*** DATASET CONTENT ***

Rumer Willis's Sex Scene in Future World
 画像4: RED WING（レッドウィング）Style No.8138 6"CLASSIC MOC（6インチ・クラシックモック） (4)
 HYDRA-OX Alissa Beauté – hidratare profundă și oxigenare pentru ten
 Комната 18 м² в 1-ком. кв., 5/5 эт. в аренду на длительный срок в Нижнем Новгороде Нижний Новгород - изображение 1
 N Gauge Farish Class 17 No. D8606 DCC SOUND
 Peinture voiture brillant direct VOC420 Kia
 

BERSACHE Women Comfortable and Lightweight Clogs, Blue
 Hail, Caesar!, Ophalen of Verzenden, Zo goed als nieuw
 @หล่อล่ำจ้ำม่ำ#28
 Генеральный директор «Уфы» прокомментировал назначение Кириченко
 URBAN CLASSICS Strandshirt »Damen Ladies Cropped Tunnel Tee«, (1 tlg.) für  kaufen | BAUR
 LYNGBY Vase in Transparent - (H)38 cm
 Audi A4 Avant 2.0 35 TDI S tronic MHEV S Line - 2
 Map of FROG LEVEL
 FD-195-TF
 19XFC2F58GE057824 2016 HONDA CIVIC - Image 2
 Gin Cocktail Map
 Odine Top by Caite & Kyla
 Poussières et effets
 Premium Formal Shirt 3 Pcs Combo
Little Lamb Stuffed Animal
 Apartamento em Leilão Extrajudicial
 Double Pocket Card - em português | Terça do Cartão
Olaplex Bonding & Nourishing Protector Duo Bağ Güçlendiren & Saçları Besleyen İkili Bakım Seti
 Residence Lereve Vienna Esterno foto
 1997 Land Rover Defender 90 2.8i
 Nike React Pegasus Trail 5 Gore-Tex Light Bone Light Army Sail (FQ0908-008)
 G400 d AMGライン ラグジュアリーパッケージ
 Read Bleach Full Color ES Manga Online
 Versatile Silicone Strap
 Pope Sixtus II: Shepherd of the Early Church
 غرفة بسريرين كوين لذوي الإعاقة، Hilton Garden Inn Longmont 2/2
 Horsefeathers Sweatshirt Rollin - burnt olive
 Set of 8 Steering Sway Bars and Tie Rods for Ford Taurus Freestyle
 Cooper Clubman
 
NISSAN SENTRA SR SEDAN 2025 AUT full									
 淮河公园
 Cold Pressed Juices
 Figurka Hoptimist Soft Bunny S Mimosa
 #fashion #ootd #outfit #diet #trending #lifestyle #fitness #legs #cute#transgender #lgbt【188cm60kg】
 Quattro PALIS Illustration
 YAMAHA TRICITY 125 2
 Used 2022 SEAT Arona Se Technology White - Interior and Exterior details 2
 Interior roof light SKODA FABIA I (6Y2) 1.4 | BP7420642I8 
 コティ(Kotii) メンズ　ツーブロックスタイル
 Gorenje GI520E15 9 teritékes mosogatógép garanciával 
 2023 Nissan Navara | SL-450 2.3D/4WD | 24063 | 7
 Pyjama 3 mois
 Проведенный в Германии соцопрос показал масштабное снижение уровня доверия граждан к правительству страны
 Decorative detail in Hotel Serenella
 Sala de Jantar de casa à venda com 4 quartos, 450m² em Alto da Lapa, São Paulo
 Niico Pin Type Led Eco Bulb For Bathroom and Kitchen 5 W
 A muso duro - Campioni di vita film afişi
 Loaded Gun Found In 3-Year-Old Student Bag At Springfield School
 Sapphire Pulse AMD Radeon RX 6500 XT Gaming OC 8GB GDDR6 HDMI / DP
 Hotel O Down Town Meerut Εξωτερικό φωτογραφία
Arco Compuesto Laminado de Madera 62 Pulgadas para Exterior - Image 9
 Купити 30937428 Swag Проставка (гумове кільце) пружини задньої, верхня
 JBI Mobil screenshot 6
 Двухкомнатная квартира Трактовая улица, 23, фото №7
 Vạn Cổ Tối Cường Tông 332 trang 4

*** End of DATASET CONTENT ***

■ WHAT YOU HAVE TO DO: Supply the count of lines in the entries that contain the word "Hotel", and nothing besides.

■ EXERCISE RESULT: 2